If you attend a school that misled you or engaged in other misconduct, “borrower defense” is the process of seeking relief from your outstanding student loans. The rule was created in the mid-1990s, but remained obscure, producing very few claims, until the collapse of the for-profit Corinthian Colleges and ITT Tech. That’s when the Obama administration updated and clarified how students were supposed to seek loan forgiveness. Since then, a reported 165,000 claims have been brought; almost all of them pertain to for-profit colleges.
Since June 2017, DeVos has taken several actions to delay the Obama-era rule. The department has used that time to restart the rulemaking clock, and rewrite borrower defense to make it tougher for students to seek and receive debt relief. In particular, they introduced the idea that some students should only get some of their loans forgiven, depending on their current income. In the meantime, claims are being reviewed under the old, mid-’90s rule.

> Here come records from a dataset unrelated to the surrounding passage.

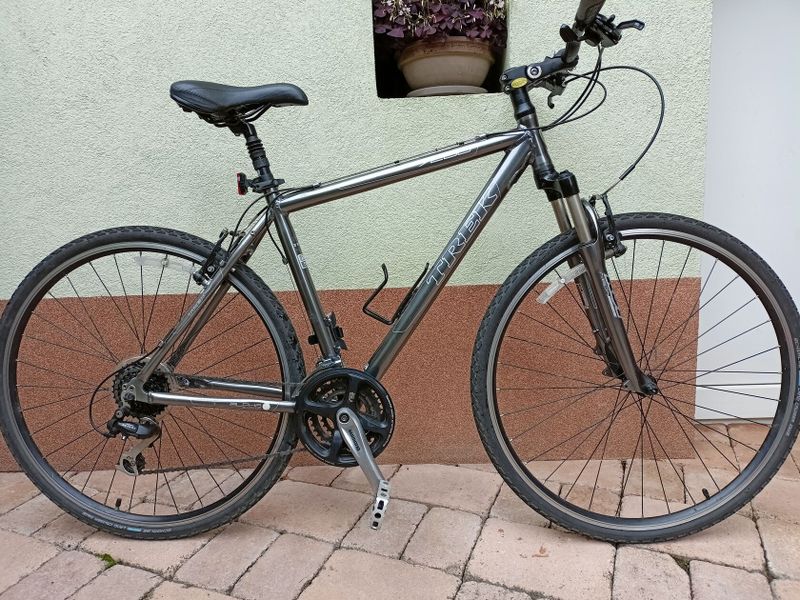 Plně funkční krosové kolo Trek 7200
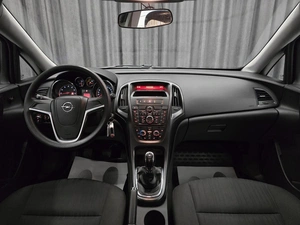 Хетчбэк Opel Astra 2010 года, 550000 рублей, Красноярск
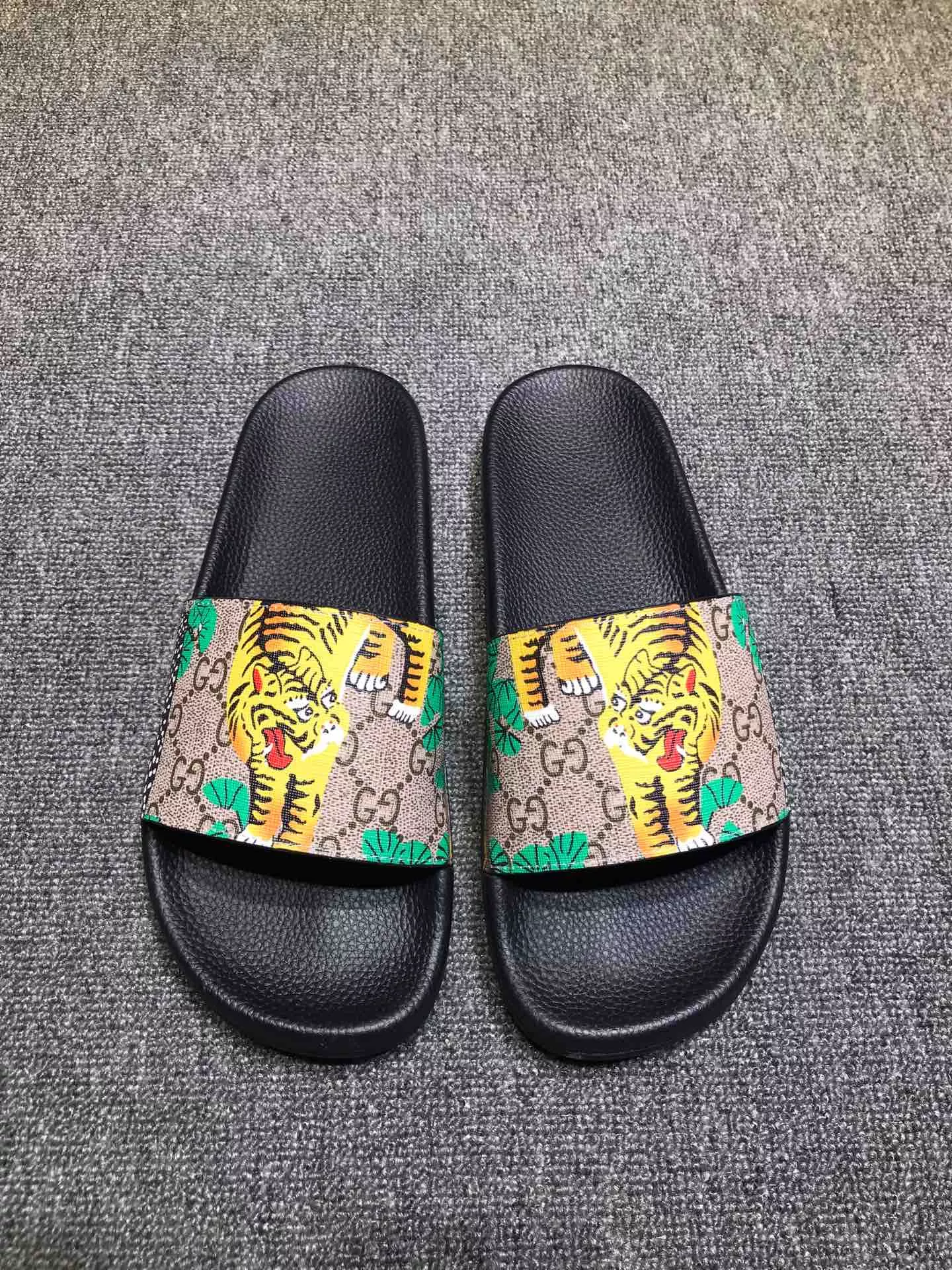 Gucci Slippers For Men Bold 6254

The judge ruled that DeVos’ delay was “unlawful” and “arbitrary and capricious.” With respect to the student plaintiffs, the judge found that the department’s actions: “have deprived” them “of several concrete benefits that they would have otherwise accrued under the Borrower Defense Regulations.”
The judge will decide how the Education Department should proceed after a hearing on Friday. The court may order that the Obama rule take effect immediately, says Merrill. The Department of Education did not immediately respond to request for comment by NPR.